The European Investment Fund – Recovery Plan
The European Investment Fund - Recovery Plan
”The planning of the work and the subsequence of deliverables was excellent. The transfer of knowledge started from a very early stage and helped avoiding unnecessary workload with a handover at the end of the project. FCG provided support and know-how in what was a very practical, hands-on, and easily to integrate manner”
- Denitsa Berkhoff, Head of Market and Strategic Risk Management
According to the BRRD(Bank recovery and resolution Directive), EU banks and institutions must have recovery plans that define actions for restoring financial strength and viability should they be exposed to severe stress. The European Investment Fund, or EIF, is not supervised by the European Central Bank (“ECB”) or any other supervisory body but has statutory obligations to follow best market practices while performing its activities.
The EIF review of the recovery plan aimed to secure not only regulatory compliance and harmonization with the EIB Group standards but also the operationability, that the recovery plan is credible and possible to execute on in practice. This was a key finding highlighted in the ECB “Report on recovery plans” from July 2018, evaluating recovery plan implementations at European significant institutions.
Developing a recovery plan in line with regulatory requirements requires a considerable amount of information from a range of stakeholders. In order to also improve risk management by making the plan credible and securing operationability, much of that information must be confirmed through workshops where for example feasible recovery options, the order in which they can be executed and their impact on the institution are challenged. In the assignment at the EIF, FCG therefore started with a detailed planning of meetings and workshops with senior executives from business functions in order to secure the assignment deadline.

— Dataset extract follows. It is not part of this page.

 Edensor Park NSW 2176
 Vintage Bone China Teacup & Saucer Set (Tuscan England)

In the first step, suitable recovery indicators were selected, based on the main business lines and critical functions of the EIF. Meanwhile, the drafting of suitable adverse scenarios started; scenarios designed to make a severe negative impact the main businesses of EIF. Recovery trigger levels and adverse scenarios were linked to the largest possible extent to the existing Risk Appetite Framework and stress testing for ICAAP/ILAAP.

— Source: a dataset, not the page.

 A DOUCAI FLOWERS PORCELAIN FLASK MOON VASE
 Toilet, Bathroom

In the second step, EIF specific recovery options were identified and documented. The workshops gathered and tested the necessary recovery option information, for example capacity, time to effect and potential interdependencies; crucial information for building the total recovery capacity in the adverse scenarios. Discussions in the workshops identified potential improvement areas which formed a list of preparatory measures. As a final step the required sections on governance and communication were added to the recovery plan.